3) The OHC multi-valve set-up of the engine naturally adds efficiency in both 4V air flow ability (not so important in a forced induction environment, but still contributes), and less frictional and inertial losses through a superior valvetrain design

I'm done

[mad082]

in a theoretical wonderland every atmosphere of pressure you put in (using the 1 sized turbo) you double your horsepower. however in the real world this isn't true.

also, comparing the rb25de to the det doesn't take into account the compression difference. you would have to compare the power of a rb5de to that of a rb25de+t.

and then you could only really compare it to a 5.0L rb motor (if you were to scale up a rb25 so it is 5.0L). to do it any other way is silly. just look at the bmw m3 motors. they put out about 236kw stock and they are a natro 3.2L. if you scale that down, that is about 184kw for 2.5L, so the rb25det is equal to a natro 2.5L.

[Beer Baron]

also what if you change turbochargers? a small turbo at 1 bar may give you 180kw. a larger turbo still producing only 1 bar may give you 250kw... there is no accounting for this in your equation. this is because you are measuring forced induction using a measure of the resistance in the inlet tract with no accounting for the actual volume of air being pumped in.

[mad082]

exactly.

and you have to take into account differences in bore vs stroke. most v8's are made to be long stroke motors to give more torque, not high revving high hp motors.

[djr81]

Want to know something scary?

The output of an engine is very closely linked to the airflow into it - commonly measured in lbs/min.

In fact in terms of hp produced per lb/min airflow there is very little difference between a new motor & an old motor, a 2V head or a 4v head, short stroke or long.

So rather than try & align it all to discplacement it is much easier to align it to airflow....

[sh@un]

that's the easiest way to summarize it really-

the more charge density you can cram into the cylinders within a given period of time, the more fuel you can add, the more torque you will have, and the more power you can make.

within reason of mechanical and chemical limits, of course

[Pal]

my head hurts

[sh@un]

*hands Eric a panadol

[diamondjo]

Haha, I'm with Pal, my brain hurts!

Thanks for all that guys it's been really interesting.

I'm going to do some reading on volumetric efficiency now

For those of you playing at home, here's a brief definition:

http://en.wikipedia.org/wiki/Volumetric_efficiency

[bombtrack]

Is it just coincidence that almost all the avatars in this thread are Simpsons characters(or at least Matt Groenig-esque toons)?

Great thread though, very interesting

[sh@un]

make your own here!

www.simpsonsmovie.com

[PM-R33]

Is it just coincidence that almost all the avatars in this thread are Simpsons characters(or at least Matt Groenig-esque toons)?

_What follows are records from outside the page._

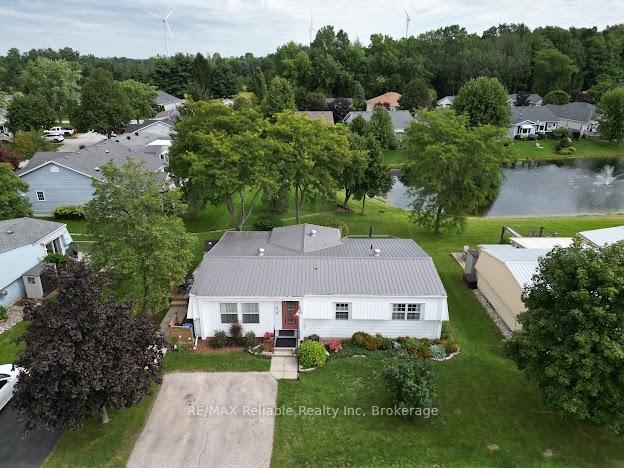 Photo 3 of 413 Shannon Boulevard, South Huron, Stephen — HOMEH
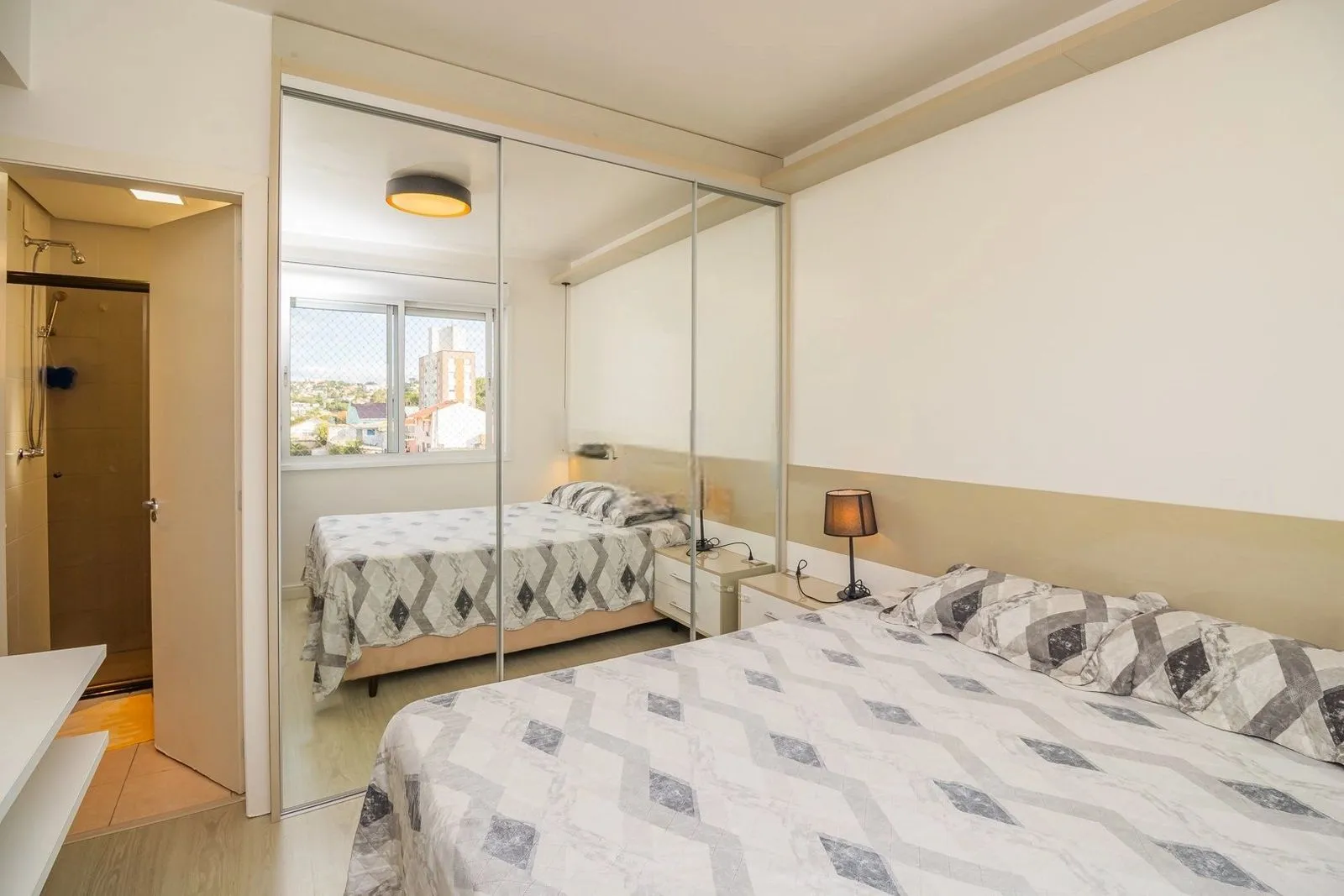 Imagem Apartamento 2 Dormitórios com Suíte e 2 Vagas no Jardim Botânico - Porto Alegre
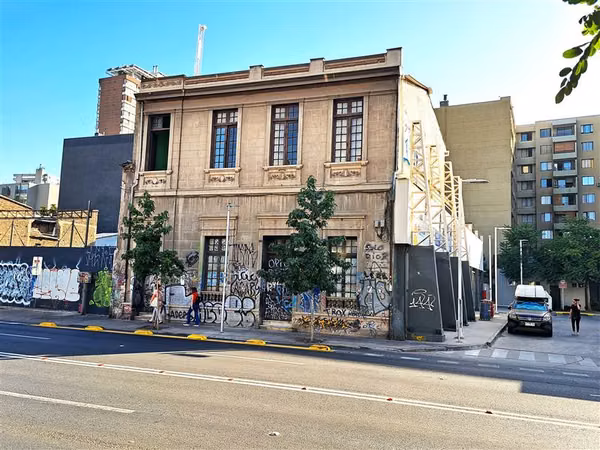 Casa en venta de 12 dorm. en Santiago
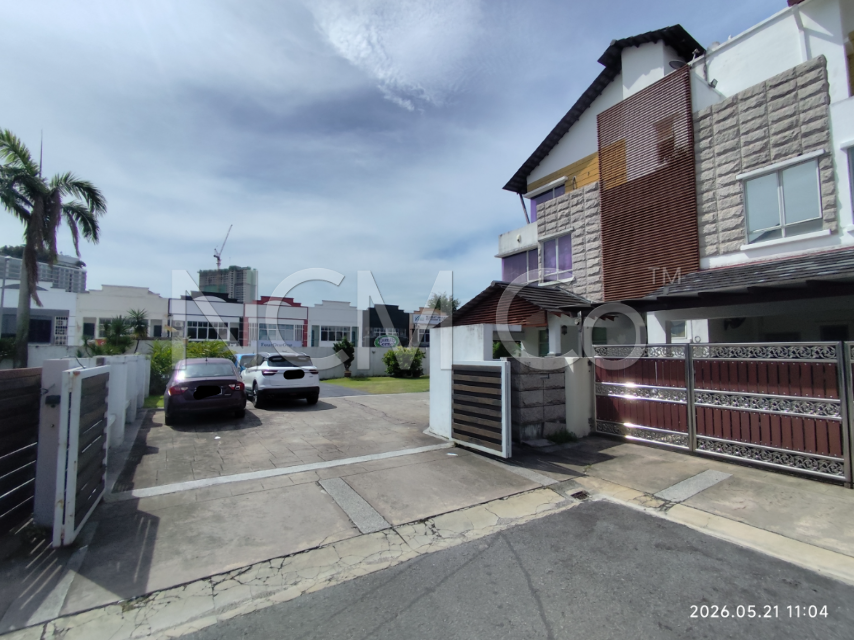 3 Storey Semi Detached House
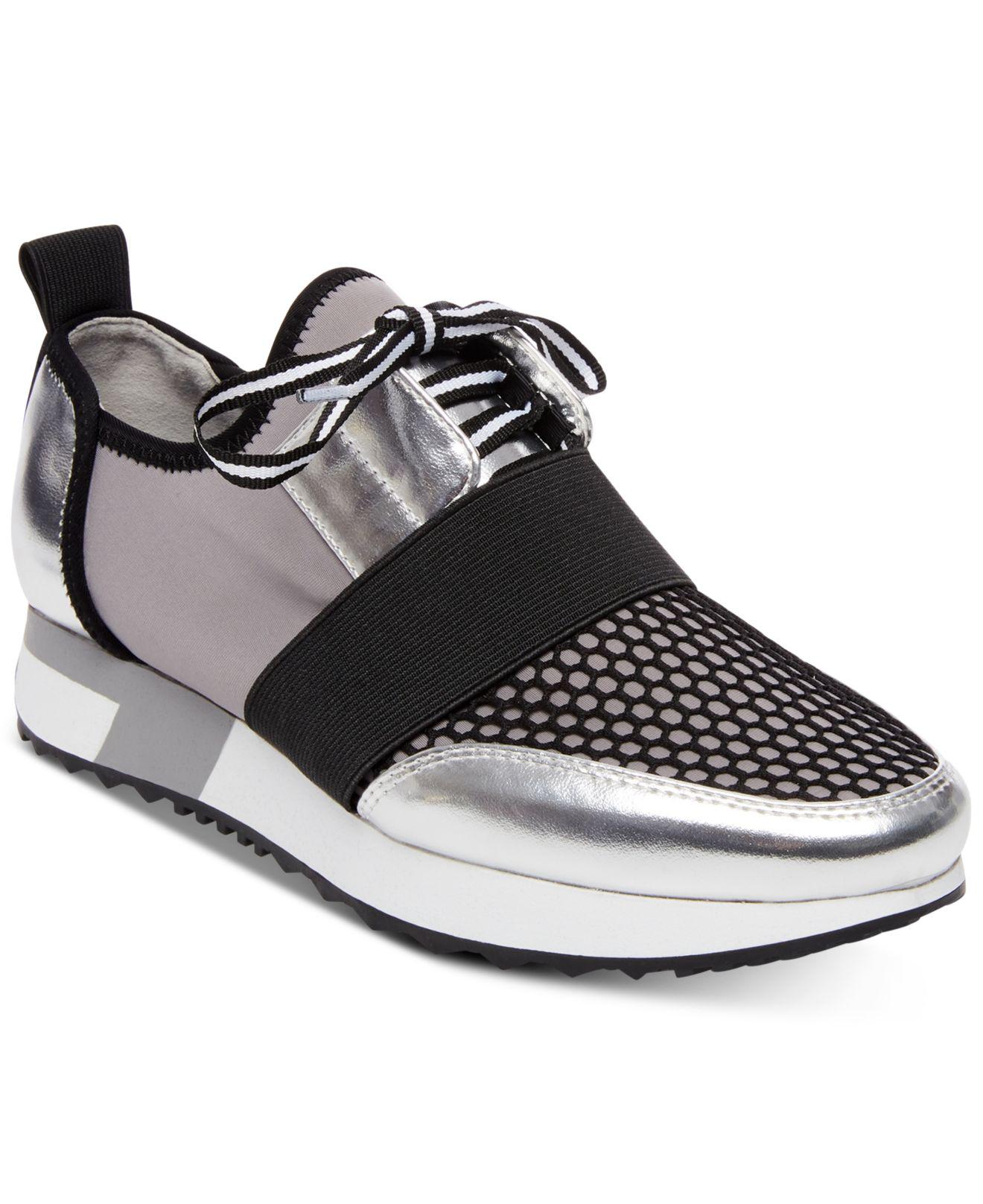 steve madden antics jogger sneakers rose gold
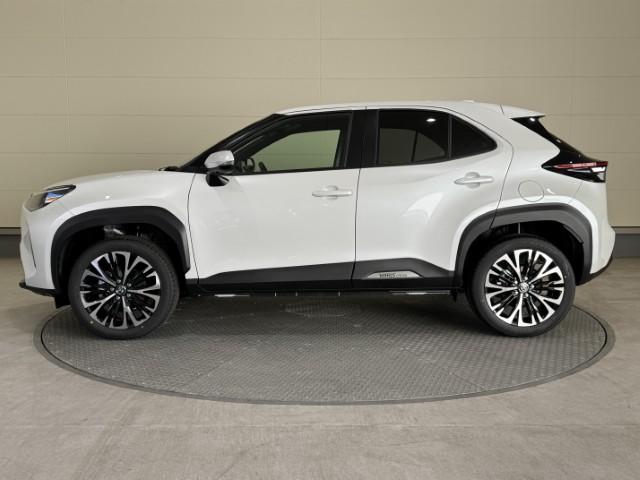 ヤリスクロス Z 登録済未使用車 純正ディスプレイオーディオ パノラミックビューモニター ETC2.0 シートヒーター ステアリングヒーター トヨタセーフティセンス LEDヘッドライト(7枚目)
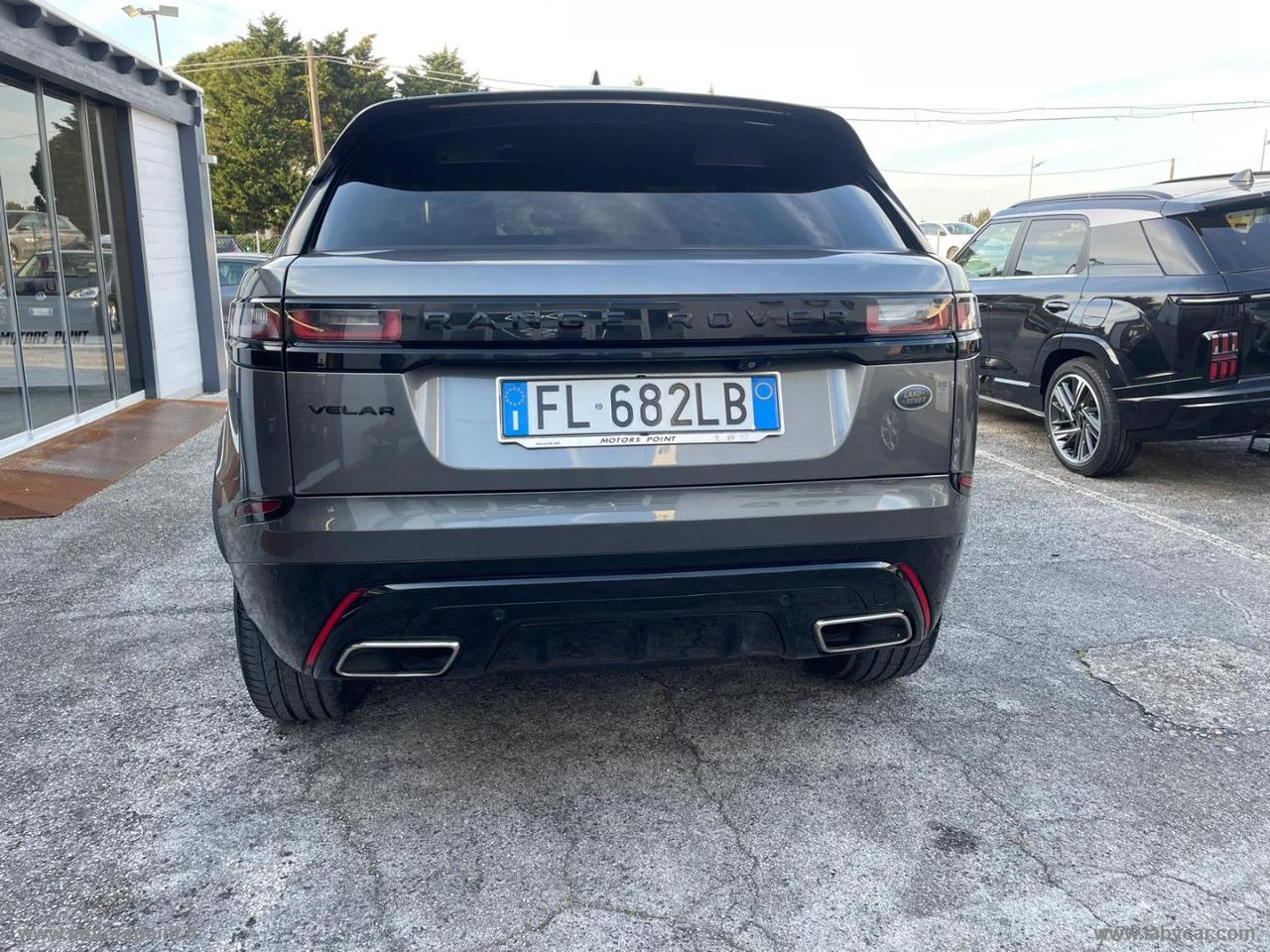 LAND ROVER RR Velar 3.0 V6 SD6 300 R-Dynamic HSE
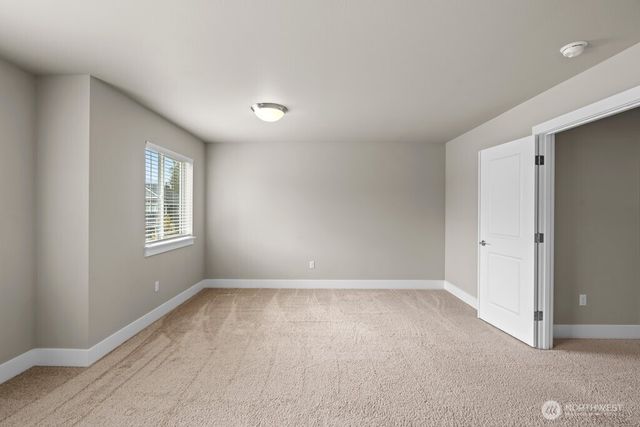10901 71st Avenue E, Puyallup, WA 98373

Great thread though, very interesting

Hahaha thats what i was thinking aswell.

But yeah i agree, great thread!

[sxc33]

Ummm. 7.

Interesting read lol

[diamondjo]

Okay, here's another question. Why does the standard gauge under the tacho measure from -700 mm Hg to +700mm Hg? When you're just cruising, obviously it's sitting down at -7. Presumably the turbo isn't going backwards and creating a vacuum. So what, if anything, does a negative pressure reading mean?